▸ **What is required**:
Please reproduce the entries below exactly as they stand, but leave the pictures out.

(Data extracted from a collection)
+++++

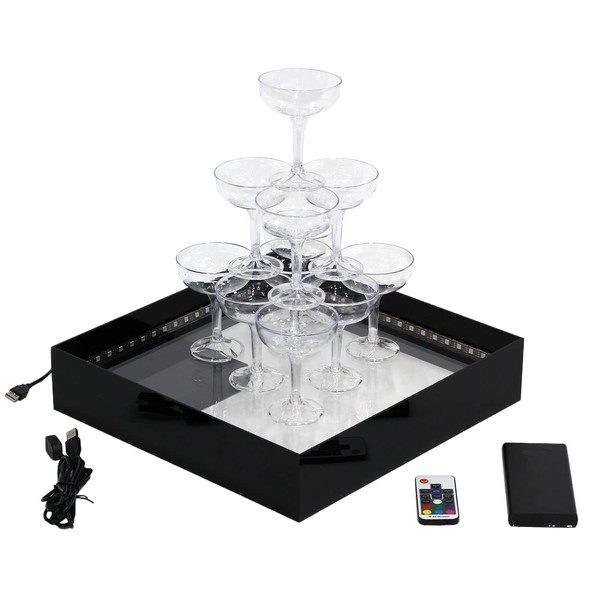 MRG Champagne Tower, 3 Tiers, Light Up Set, Tray Included, PSE Compliant Tested, Power Bank Included, Glasses, 11 Pieces, Birthday, Party, Acrylic (Champagne Tower Set)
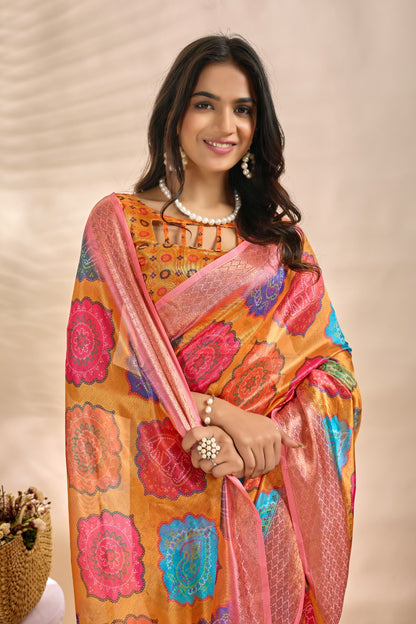 Vibrant Soft Silk Blend Saree with Multicolor Woven Motifs
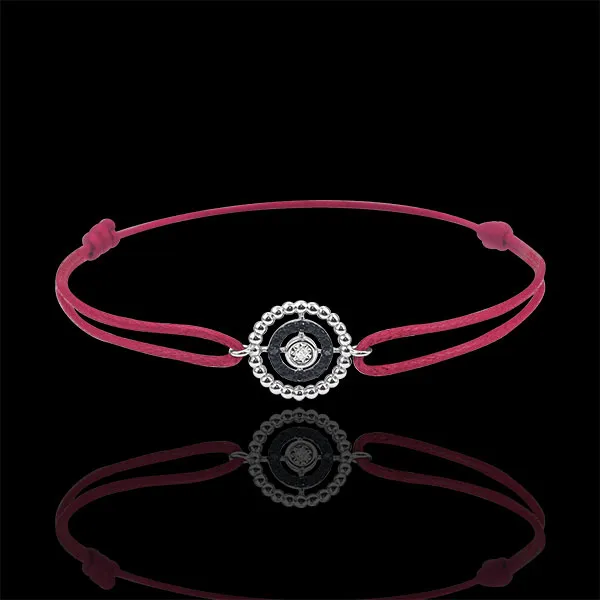 Pulsera Flor de Sal - círculo - oro blanco 9 quilates y diamantes negros - cordón rojo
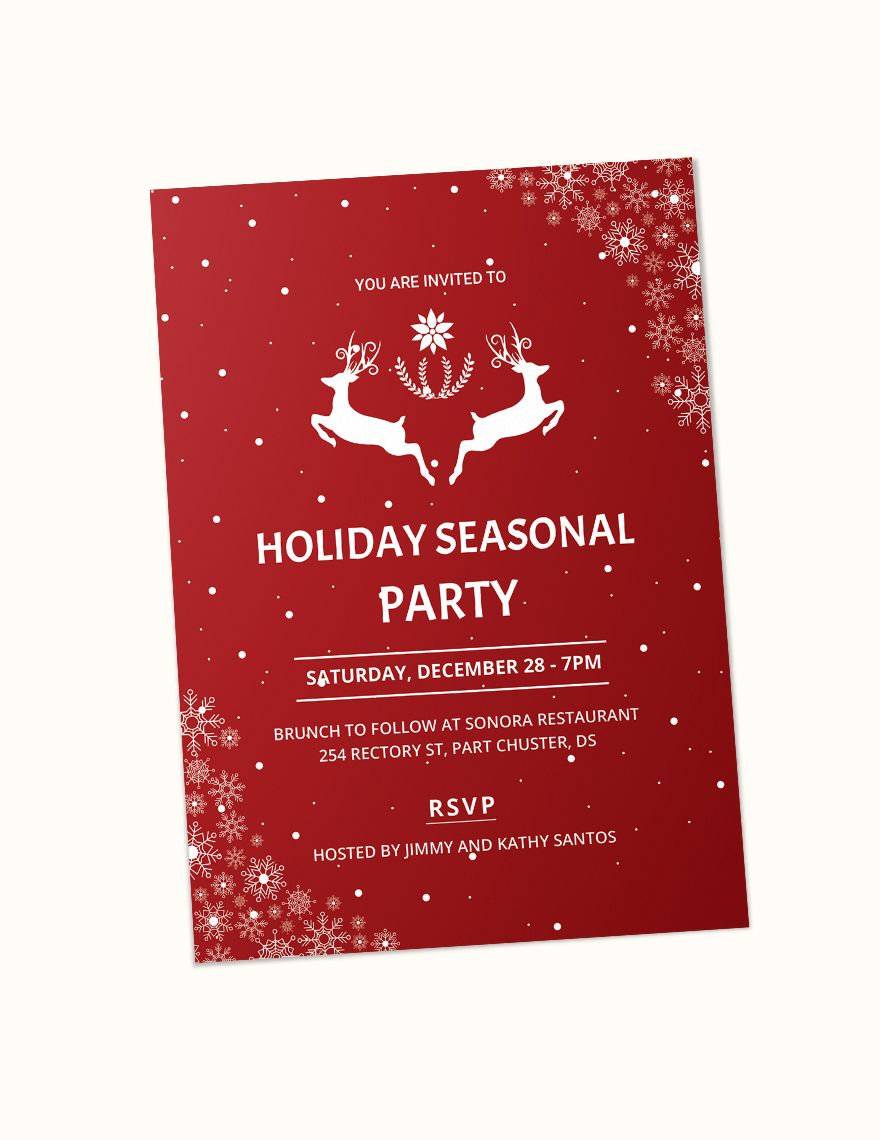 Festive Holiday Party Invitation Template in Word, Publisher, PSD ...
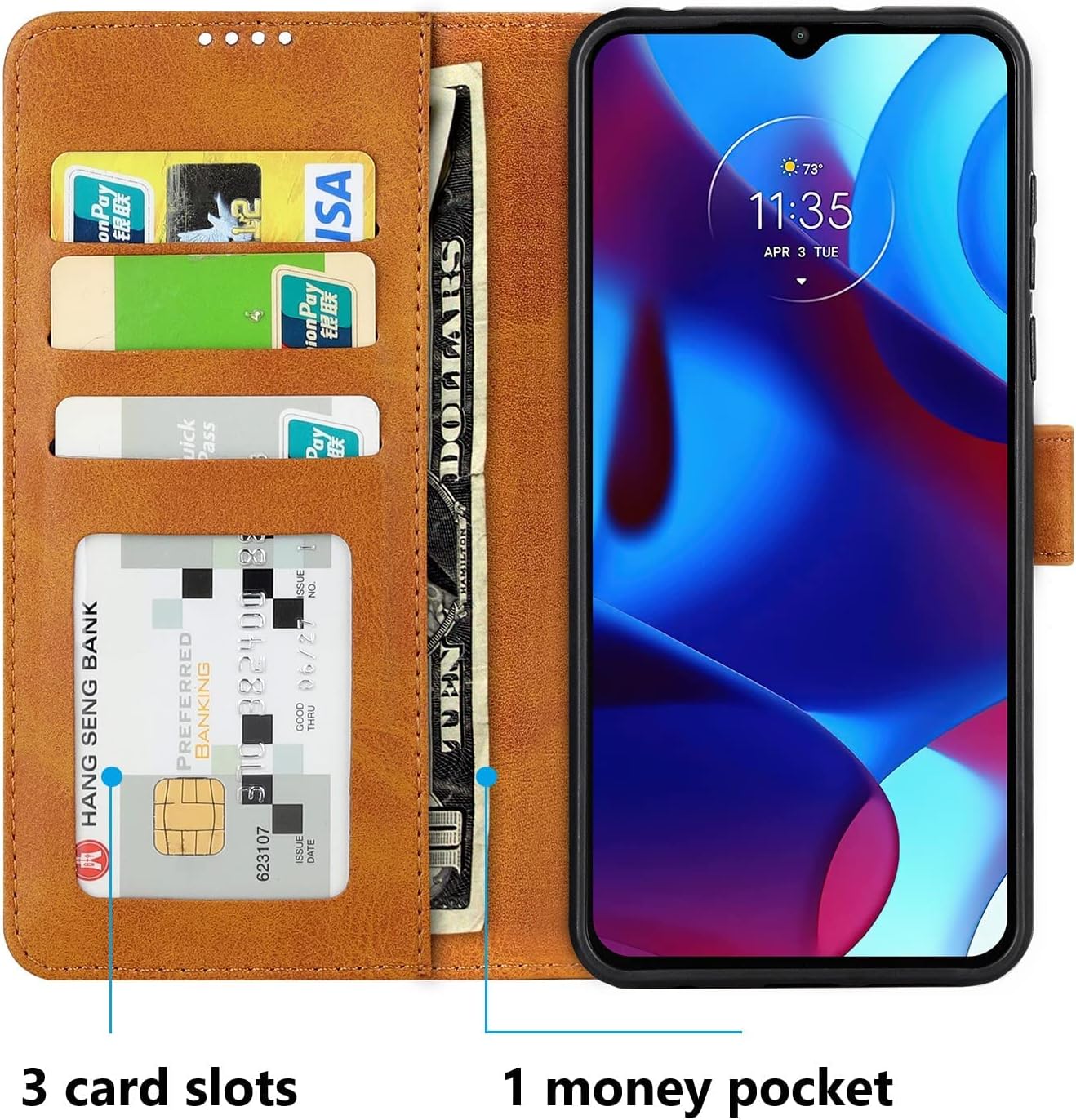 Funda para Moto G Pure (2021)Moto G Power (2022)Moto G Play (2023) Funda de piel sintética con tapa 3 ranuras para tarjetas, 1 bolsillo para dinero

+++++

▸ **Answer for this exercise**:
 MRG Champagne Tower, 3 Tiers, Light Up Set, Tray Included, PSE Compliant Tested, Power Bank Included, Glasses, 11 Pieces, Birthday, Party, Acrylic (Champagne Tower Set)
 Vibrant Soft Silk Blend Saree with Multicolor Woven Motifs
 Pulsera Flor de Sal - círculo - oro blanco 9 quilates y diamantes negros - cordón rojo
 Festive Holiday Party Invitation Template in Word, Publisher, PSD ...
 Funda para Moto G Pure (2021)Moto G Power (2022)Moto G Play (2023) Funda de piel sintética con tapa 3 ranuras para tarjetas, 1 bolsillo para dinero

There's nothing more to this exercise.